Data models are perhaps the most important part of developing software, because they have such a profound effect: not only on how the software is written, but also on how we think about the problem that we are solving.

  • SQL (Structured Query Language) Databases:
    • SQL databases are relational databases that use a structured schema to define the data model.
    • Data is organized into tables with rows and columns, and relationships between tables are established through foreign keys.
    • SQL databases are suitable for structured data with well-defined relationships.
  • NoSQL (Not Only SQL) Databases:
    • NoSQL databases are designed to handle unstructured or semi-structured data, as well as scenarios where the data model is not predefined.
    • They offer more flexibility in terms of schema design, allowing you to work with data that can evolve over time.
    • NoSQL databases are categorized into several types, including document-oriented, key-value, column-family, and graph databases.
  • Graph Databases:
    • Graph databases are a specialized type of NoSQL database designed to handle data with complex relationships.
    • Data is represented as nodes, edges, and properties, making them ideal for modeling and querying connected data.
    • Graph databases excel in scenarios where the relationships between data points are as important as the data itself, such as social networks, recommendation engines, and fraud detection.
    • They are optimized for traversing and querying graph structures efficiently.
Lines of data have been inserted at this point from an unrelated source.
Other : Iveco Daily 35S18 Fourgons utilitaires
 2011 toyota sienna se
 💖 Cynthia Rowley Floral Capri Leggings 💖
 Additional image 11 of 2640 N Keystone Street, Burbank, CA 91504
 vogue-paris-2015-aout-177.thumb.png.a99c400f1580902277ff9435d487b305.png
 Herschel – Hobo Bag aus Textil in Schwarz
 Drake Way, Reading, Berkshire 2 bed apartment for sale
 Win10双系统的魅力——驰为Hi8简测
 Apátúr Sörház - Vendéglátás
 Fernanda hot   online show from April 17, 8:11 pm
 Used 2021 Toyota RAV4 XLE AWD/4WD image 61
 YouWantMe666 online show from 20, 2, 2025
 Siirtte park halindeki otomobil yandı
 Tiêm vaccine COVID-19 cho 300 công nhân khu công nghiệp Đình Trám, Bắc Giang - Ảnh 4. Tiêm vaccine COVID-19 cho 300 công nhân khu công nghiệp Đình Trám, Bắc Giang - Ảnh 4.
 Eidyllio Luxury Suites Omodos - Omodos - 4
All three models (document, relational, and graph) are widely used today, and each is good in its respective domain. One model can be emulated in terms of another model - for example, graph data can be represented in a relational database but the result is often awkward. That’s why we have different systems for different purposes, not a single one-size-fits-all solution

Today, there are even newer ways to query data, for example GenBank which is a sequence database specialized to perform sequence similarity searches, which means taking one very long string (representing a DNA molecule) and matching it against a large database of strings that are similar, but not identical.